- Paul Graham-Fielding
DRAIN YOUR PUTTS, NOT YOUR NUTRITION - WHAT NOT TO EAT.
There’s always someone telling you to eat less sugar, eat the right types of carbs, and consume certain types of fat and to lay off the chocolate, so it’s no wonder that when we’re out on the course we don’t really pay much attention to how we fuel our bodies.
This however is key, and it has a huge effect on our game. We all need different types of food depending on the climate body we play in and our size and shape etc. but there are a few things that you should really take note of before you pack your bag and start munching during your golf days.
We know that what’s here isn’t true for every brand or every food type, but as a rule of thumb you should stay away from these…
HOT DOGS & BEEFBURGERS
You can smell the halfway hut can’t you! It’s a bit cold and you want something to fill you up and keep you warm… It depends how they are cooked and also the quality of ingredients stuffed into them, but most hotdogs are awful and if you’re thinking about a burger… they’re not much better either. Not only are they high in sodium and saturated fat, if you eat one on a plain white bun, you're just adding an unwanted dose of simple carbohydrates to the mix. Natural beef jerky or a bowl of chili are two healthier alternatives.

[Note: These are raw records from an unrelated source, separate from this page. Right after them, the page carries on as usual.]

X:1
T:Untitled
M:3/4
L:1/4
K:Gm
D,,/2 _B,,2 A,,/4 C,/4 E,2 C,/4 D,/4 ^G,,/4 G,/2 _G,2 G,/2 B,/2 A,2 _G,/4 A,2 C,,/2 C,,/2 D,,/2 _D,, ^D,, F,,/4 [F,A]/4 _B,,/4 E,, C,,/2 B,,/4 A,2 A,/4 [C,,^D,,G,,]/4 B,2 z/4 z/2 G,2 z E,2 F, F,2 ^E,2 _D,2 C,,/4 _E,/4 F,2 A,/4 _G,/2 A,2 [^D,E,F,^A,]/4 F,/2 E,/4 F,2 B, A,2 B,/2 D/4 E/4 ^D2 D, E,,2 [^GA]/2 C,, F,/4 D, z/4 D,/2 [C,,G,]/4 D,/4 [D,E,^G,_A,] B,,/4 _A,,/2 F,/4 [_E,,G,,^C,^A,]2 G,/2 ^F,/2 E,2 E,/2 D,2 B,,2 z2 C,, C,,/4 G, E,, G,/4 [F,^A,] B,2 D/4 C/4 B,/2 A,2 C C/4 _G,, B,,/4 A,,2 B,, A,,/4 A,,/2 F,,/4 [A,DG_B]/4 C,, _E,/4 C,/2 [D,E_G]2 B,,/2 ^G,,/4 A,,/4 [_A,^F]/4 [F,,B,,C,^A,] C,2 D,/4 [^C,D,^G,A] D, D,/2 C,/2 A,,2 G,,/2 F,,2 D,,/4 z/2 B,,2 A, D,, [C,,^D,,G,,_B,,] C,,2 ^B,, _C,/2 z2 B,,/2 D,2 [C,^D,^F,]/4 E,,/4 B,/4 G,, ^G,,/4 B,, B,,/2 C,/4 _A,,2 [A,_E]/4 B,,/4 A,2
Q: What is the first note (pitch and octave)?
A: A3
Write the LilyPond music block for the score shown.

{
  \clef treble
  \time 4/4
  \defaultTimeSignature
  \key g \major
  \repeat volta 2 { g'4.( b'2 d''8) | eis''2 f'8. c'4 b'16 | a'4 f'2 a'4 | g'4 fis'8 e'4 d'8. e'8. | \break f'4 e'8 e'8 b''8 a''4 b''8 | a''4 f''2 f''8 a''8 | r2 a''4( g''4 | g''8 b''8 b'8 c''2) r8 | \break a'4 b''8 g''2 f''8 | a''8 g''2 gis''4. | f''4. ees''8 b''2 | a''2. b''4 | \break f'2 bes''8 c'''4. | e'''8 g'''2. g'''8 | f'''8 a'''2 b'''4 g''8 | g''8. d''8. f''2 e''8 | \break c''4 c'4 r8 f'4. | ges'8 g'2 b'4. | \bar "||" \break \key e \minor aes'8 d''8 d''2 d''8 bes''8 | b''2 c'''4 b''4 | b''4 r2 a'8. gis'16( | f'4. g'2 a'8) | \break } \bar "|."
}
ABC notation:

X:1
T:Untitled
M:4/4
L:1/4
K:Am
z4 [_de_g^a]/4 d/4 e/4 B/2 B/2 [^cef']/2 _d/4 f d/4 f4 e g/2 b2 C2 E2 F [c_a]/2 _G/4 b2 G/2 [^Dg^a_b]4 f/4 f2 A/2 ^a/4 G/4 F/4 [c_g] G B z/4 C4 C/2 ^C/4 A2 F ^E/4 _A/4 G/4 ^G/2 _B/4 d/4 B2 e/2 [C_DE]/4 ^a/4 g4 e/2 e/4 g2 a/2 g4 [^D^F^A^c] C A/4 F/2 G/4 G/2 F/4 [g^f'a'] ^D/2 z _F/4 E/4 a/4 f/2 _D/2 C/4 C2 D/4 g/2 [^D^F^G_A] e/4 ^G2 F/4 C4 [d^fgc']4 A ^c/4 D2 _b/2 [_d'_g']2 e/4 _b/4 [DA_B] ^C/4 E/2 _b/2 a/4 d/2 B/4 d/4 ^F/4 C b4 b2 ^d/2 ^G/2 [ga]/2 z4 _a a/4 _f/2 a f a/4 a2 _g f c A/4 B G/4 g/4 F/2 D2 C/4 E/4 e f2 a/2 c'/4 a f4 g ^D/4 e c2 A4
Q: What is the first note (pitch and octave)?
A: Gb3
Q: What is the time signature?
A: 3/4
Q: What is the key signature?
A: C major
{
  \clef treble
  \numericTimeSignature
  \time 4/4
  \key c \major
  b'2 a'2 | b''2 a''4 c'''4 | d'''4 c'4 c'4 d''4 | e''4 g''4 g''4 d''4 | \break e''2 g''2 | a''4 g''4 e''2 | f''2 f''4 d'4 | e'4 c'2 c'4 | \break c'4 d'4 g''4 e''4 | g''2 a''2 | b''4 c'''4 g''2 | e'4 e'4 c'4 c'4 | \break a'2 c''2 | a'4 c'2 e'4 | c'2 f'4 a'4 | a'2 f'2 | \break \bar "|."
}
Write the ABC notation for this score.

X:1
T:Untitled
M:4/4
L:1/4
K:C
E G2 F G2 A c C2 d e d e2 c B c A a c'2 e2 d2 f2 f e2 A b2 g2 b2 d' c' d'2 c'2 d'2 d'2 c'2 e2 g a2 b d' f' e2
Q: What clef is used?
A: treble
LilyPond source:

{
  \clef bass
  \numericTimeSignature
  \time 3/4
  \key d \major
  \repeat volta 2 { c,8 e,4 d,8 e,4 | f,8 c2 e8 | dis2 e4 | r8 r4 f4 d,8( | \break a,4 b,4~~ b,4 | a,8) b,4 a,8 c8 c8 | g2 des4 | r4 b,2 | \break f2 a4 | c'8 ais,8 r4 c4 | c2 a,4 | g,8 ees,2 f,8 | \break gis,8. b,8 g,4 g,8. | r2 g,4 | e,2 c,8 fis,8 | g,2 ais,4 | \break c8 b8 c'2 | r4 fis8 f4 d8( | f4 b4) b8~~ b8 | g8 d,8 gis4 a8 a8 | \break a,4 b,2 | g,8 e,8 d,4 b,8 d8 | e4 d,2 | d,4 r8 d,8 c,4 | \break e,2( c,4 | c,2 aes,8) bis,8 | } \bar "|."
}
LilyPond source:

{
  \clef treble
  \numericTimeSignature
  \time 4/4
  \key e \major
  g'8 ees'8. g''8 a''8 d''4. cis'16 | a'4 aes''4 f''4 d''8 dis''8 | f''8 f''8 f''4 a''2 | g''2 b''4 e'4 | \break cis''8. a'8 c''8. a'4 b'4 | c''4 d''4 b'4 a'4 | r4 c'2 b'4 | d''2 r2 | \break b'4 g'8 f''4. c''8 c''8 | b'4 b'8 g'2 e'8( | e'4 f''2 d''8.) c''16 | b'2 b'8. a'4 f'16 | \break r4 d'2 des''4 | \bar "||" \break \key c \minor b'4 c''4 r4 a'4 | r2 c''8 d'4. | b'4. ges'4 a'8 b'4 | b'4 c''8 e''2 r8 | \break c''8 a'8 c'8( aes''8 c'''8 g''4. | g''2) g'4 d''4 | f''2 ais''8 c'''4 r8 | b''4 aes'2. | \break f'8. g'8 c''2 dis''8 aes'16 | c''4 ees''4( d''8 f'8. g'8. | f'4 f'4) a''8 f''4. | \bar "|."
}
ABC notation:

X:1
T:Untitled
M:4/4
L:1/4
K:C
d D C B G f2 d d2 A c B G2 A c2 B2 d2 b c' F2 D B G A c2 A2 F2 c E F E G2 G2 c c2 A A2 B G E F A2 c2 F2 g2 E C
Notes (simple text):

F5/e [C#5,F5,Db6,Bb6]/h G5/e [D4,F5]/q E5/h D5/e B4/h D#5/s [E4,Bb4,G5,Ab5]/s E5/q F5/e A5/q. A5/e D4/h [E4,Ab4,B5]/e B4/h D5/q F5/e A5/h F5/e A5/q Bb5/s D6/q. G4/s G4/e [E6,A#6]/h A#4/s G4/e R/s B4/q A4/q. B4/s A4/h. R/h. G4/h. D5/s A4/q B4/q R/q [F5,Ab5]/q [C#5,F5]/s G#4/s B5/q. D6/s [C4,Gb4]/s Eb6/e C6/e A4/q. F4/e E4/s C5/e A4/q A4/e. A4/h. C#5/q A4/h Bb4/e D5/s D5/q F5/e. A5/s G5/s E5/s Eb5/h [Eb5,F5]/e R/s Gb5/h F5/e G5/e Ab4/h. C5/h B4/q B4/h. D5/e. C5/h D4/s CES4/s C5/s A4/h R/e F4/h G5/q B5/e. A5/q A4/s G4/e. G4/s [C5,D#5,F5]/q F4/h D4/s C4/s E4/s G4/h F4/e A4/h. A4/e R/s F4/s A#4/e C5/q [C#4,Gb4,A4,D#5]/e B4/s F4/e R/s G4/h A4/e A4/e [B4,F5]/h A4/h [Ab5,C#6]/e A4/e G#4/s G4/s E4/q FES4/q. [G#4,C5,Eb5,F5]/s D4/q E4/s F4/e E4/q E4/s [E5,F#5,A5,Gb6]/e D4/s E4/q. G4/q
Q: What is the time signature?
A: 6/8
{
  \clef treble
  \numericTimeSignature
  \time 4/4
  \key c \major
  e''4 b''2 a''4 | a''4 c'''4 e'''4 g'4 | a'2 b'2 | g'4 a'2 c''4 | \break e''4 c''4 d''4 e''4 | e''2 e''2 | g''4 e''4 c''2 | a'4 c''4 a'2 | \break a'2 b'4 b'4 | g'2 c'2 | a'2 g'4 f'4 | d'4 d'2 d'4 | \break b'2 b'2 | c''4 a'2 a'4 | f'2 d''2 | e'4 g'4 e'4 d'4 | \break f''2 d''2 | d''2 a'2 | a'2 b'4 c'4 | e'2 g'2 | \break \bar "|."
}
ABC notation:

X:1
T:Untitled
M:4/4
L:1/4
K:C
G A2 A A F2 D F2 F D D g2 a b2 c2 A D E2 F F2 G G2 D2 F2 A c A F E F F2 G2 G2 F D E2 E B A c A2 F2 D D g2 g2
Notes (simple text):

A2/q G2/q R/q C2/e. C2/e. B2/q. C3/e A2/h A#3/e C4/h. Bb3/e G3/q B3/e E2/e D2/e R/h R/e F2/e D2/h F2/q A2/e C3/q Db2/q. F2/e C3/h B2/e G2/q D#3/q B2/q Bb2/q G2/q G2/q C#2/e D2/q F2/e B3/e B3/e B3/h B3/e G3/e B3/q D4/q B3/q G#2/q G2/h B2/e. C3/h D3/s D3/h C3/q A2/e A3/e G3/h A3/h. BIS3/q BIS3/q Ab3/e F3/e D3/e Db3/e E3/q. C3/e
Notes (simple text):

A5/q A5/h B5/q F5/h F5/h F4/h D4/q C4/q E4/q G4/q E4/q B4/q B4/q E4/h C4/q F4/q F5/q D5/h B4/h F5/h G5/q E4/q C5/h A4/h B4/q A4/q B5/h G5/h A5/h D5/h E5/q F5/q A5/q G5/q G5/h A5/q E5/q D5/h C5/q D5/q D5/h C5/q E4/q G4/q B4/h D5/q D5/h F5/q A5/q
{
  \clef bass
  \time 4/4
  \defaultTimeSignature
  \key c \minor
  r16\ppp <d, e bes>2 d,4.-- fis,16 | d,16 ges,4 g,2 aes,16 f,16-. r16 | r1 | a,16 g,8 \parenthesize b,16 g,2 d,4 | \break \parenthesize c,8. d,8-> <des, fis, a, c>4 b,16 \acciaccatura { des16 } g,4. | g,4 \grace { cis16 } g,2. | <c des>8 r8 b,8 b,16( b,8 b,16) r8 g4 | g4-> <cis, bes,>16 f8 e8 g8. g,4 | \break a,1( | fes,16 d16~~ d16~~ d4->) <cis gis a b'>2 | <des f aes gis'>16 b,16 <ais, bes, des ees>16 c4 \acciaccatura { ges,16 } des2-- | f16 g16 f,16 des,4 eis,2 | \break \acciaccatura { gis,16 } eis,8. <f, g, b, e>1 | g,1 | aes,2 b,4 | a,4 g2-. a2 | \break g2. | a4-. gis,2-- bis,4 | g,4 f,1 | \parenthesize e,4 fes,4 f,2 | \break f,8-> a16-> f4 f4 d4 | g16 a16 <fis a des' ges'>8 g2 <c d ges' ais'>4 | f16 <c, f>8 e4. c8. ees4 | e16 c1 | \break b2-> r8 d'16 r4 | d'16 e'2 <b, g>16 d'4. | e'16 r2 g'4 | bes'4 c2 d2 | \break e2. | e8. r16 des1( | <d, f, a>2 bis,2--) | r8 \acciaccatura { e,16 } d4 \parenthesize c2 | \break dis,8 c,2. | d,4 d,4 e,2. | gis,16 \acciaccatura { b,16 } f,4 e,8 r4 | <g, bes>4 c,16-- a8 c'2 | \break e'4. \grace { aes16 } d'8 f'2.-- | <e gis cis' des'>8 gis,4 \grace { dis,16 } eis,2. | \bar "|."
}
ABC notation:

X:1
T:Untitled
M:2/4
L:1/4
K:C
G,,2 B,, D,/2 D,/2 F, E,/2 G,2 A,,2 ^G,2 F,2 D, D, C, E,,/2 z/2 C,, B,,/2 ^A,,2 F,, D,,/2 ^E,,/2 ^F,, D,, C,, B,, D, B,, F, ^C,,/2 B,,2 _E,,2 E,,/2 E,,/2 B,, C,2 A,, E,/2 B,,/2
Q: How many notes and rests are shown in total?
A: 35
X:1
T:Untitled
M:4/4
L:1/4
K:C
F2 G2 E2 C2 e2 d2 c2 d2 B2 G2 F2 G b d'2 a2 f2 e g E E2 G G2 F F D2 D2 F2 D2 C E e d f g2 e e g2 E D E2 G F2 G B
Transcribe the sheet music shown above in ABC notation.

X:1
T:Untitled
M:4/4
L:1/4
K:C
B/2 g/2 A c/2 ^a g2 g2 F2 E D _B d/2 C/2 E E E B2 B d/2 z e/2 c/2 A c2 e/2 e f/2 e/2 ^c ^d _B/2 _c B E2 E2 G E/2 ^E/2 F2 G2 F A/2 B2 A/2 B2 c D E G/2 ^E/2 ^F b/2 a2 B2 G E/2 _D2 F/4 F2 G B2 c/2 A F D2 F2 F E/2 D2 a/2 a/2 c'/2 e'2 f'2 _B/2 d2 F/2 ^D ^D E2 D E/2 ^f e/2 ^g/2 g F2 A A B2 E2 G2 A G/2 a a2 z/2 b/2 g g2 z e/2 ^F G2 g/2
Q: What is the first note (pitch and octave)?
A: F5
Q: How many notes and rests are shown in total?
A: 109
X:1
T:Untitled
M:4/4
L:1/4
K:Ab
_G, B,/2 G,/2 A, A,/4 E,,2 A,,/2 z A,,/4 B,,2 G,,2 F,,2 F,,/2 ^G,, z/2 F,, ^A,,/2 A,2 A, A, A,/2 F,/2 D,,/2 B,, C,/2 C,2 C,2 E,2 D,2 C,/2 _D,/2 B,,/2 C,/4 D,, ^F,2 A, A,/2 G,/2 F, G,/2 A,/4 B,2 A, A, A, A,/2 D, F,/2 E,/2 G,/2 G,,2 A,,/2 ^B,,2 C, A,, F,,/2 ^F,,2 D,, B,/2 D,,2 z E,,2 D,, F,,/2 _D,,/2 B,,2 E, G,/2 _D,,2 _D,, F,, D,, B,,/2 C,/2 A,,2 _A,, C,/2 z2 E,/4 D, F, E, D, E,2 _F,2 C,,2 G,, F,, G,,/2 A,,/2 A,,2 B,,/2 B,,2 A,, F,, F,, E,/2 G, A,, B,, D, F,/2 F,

MOST NUTRITION & GRANOLA BARS
Kudos to whoever came up with the term "nutrition bar." What little nutrition these candy bars have is ruined by the fact that they are loaded with sugar and chemical additives. I will say that bars that limit sugar, and contain protein and fibre are acceptable, but only if you can't find a better option such as peanut butter on whole wheat bread or an apple.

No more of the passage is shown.